Ho, hum. I was contemplating a longish piece - a sort of essay - on the leadership travails of Ed Milliband and David Shearer. My starting point was likely to be the experiences of Clem Attlee, who was so scorned by his own party that he faced (and ignored) continual demands to quit for someone more acute, more charismatic, more dynamic, more leftwing, more anything.
Attlee, of course, went on to win a massive majority immediately after the end of World War 2, and instituted a programme of reforms that haven't been matched by any British prime minister since; and is now regarded as the perhaps the best PM of the century, almost certainly the best of the post war bunch.
But I didn't quite get around to it and just as well, as David Shearer decided to quit, without checking with me if that would be okay.
So, with the phoney war over, what now for Labour?
Obviously the three most mooted names are Cunliffe, Robertson and Little. Romantics nervously suggest Jacinda Ardern. I think none of the above are likely, for the simple reason they are career politicians with time (but not much else) on their side.

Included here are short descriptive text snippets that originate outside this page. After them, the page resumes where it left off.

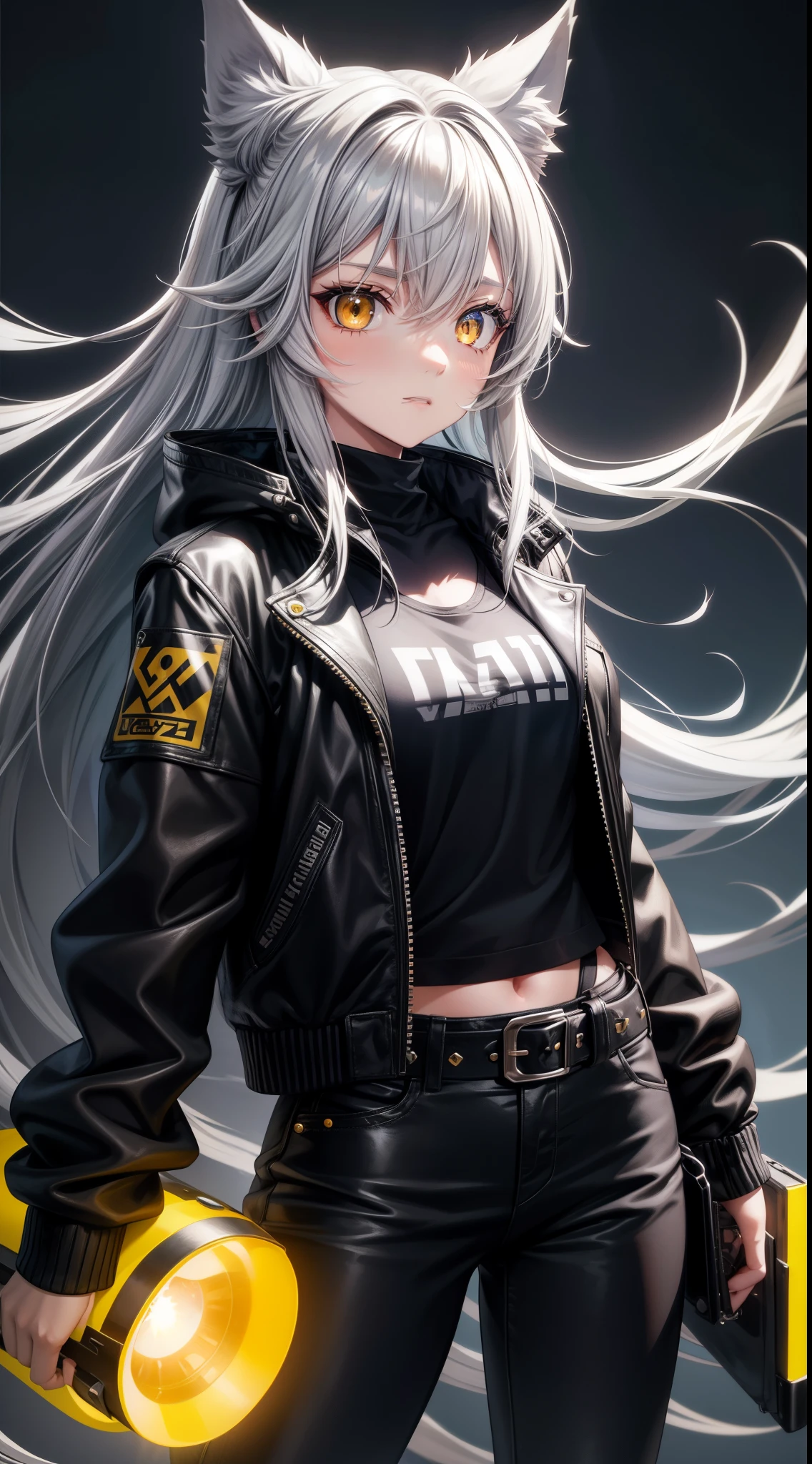 young girl, Long gray wild hair, wolf ears, yellow eyes, punk, blue leather jacket, black school pants, glowing eyes, small breasts, facing front, Masterpiece, hiquality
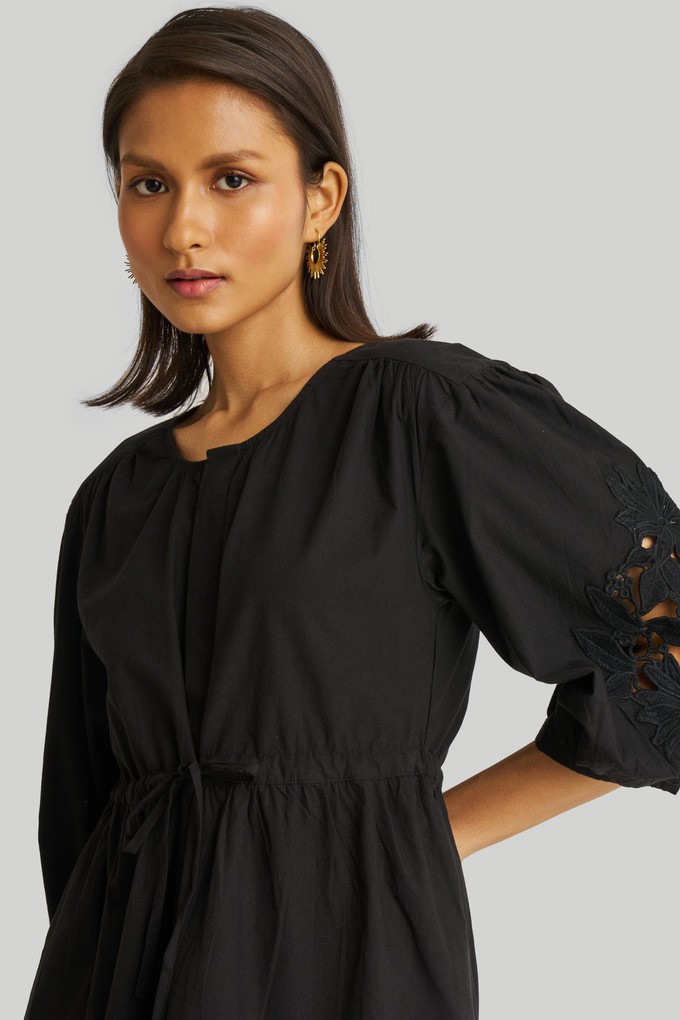Shirt Dress with Balloon Sleeves in Black from Reistor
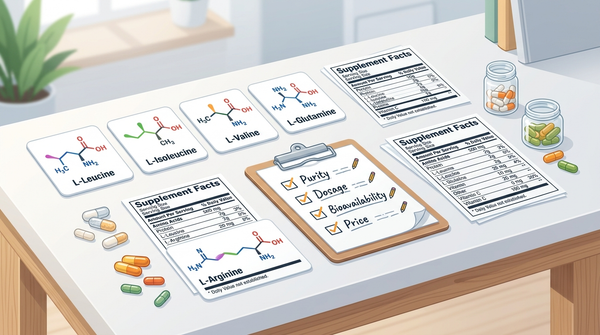 Supplement labels comparing lysine and L-lysine forms with an amino acid checklist
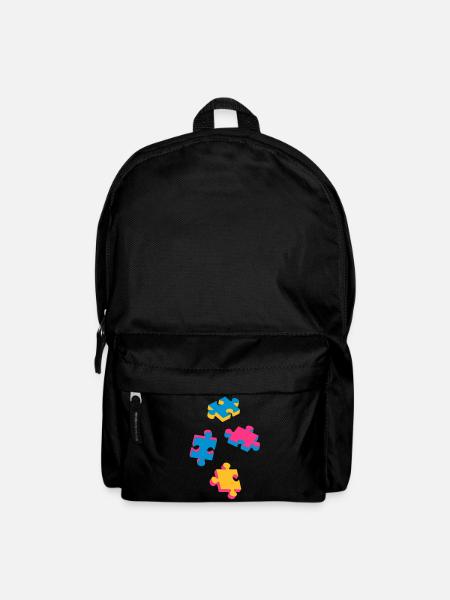 four puzzle pieces - Backpack - black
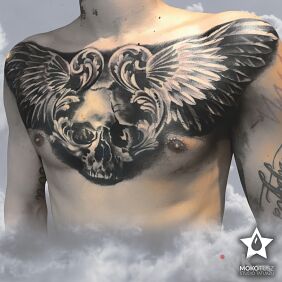 Tattoo Angels and Demons vol 2. ;) on the breast motif: black and gray style: realistic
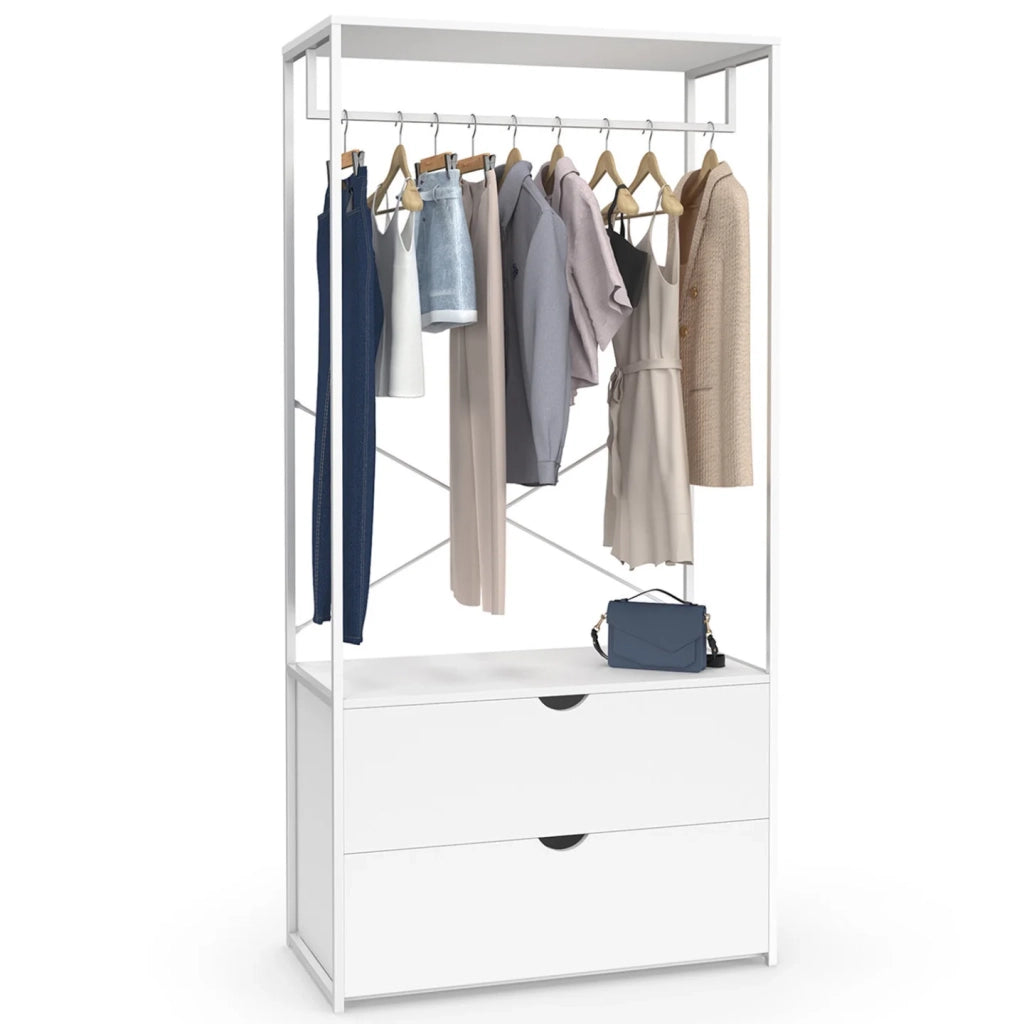 IDMarket - Armadio a 2 cassetti L. 80 cm BROOKLYN legno bianco e metallo bianco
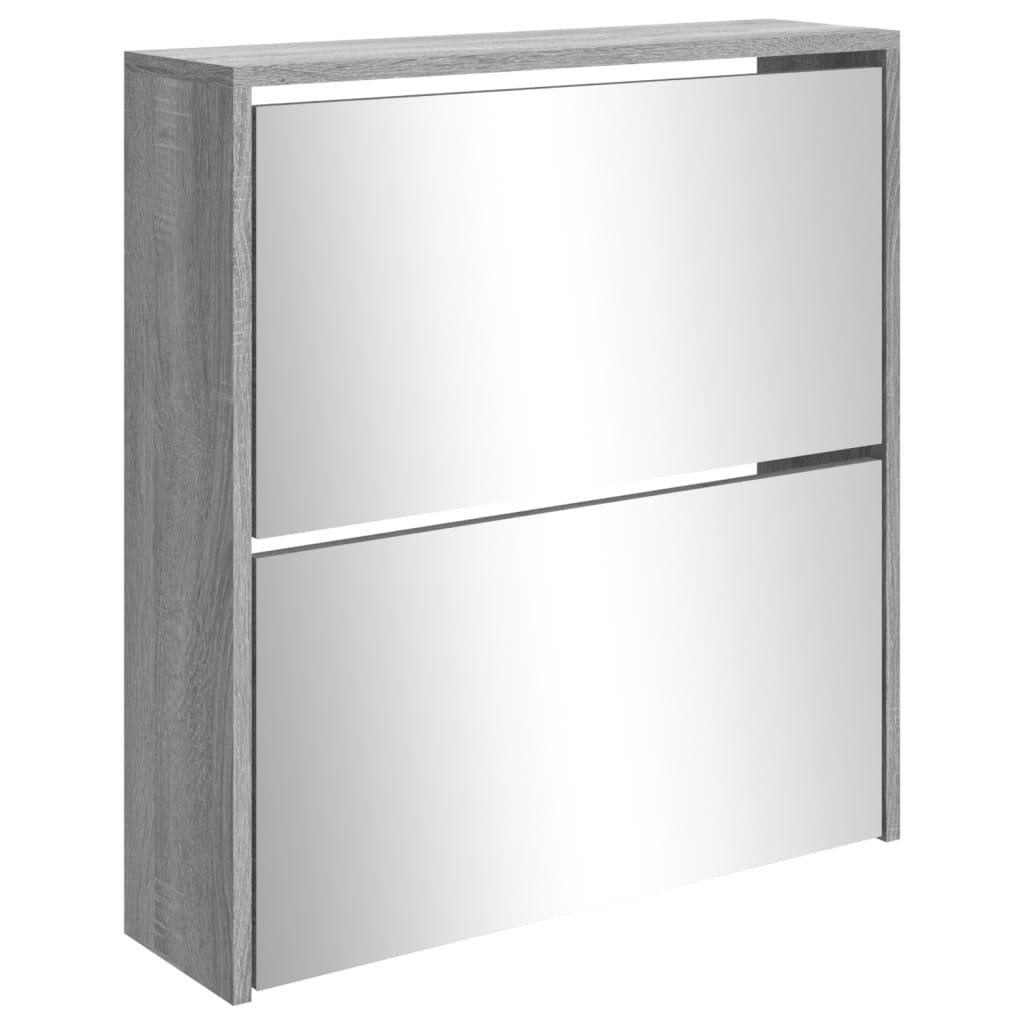 Armoire à chaussures miroir 2 niveaux Sonoma gris 63x17x67 cm - XIOS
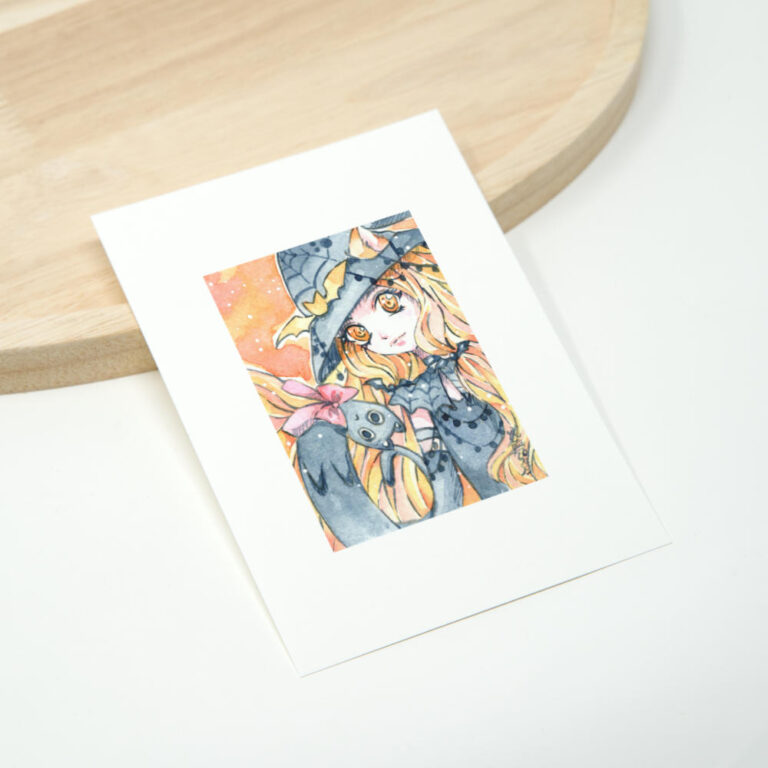Kunstdruck von Hexe mit Katzenohren und Fledermäusen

They aren’t thinking about what is good for the Labour party, but for their own prospects. Cunliffe, Robertson, Little probably don’t relish the idea of taking on Key, even now. I think the ‘Big Beasts’ will be thinking about the 2014 leadership election, rather than the 2014 general election.
I think Annette King might emerge as a stop gap contender.
King is familiar and have a bit of ‘elder statesperson’ gravitas. King / Cunliffe or King / Little might be viable tickets, with the deputy keeping a canny eye on his prospects for 2014.
So it would be very funny if King managed to scrape some sort of a victory in 2014, and so delayed the succession to 2016-7, by which time Jacinda might be a more realistic prospect.